The extension you already built
Part of a series on #9 — hybrid search. Previous: Tearing out the abstraction layer.
Hortora Engine — The extension you already built
The previous entry ended with a forward pointer: Phase 2 will add a "sparse" vector name for SPLADE. Today was Phase 2.
I expected the hard work to be ONNX model loading — getting the JNI libraries right, managing model lifecycle, handling the native image metadata. The neural-text repo has five inference modules and the ONNX Runtime JNI wrapper alone is 280 lines of session management and tokenization. Then I looked at what was already built.
casehub-inference-quarkus exists. It handles all of it — config mapping (casehub.inference.models.<name>.*), a ConcurrentHashMap model pool with ShutdownEvent cleanup, and 1578 lines of GraalVM reachability metadata. The engine doesn’t need to know what ONNX Runtime is. It adds one dependency and gets @Inference-qualified InferenceModel beans by name.

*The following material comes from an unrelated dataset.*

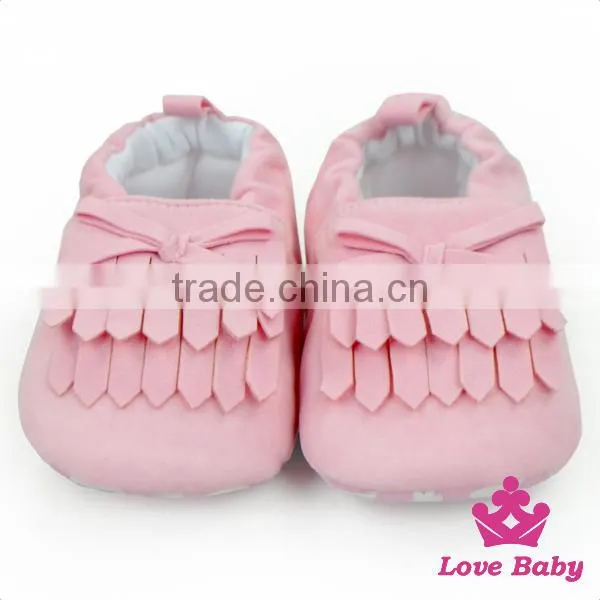 Solid Pink Color Newborn Baby Shoes Girl Fancy Baby Girls Prewalker Shoes Wholesale Kids Shoes Baby Moccasins photo-2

The engine’s contribution is a bridge — 31 lines. HybridSearchProducer takes an @Inference("splade") InferenceModel and wraps it in a SparseEmbedder. Takes an @Inference("reranker") InferenceModel and wraps it in a CrossEncoderReranker. That’s the entire integration.
The interesting design question was conditionality. SPLADE and the reranker should be genuinely absent when ONNX models aren’t configured — not null stubs, not no-ops, actually non-existent in the CDI container. RagBeanProducer checks Instance<SparseEmbedder>.isResolvable() and falls back to dense-only when it returns false. The bean needs to not exist, not exist-but-be-null.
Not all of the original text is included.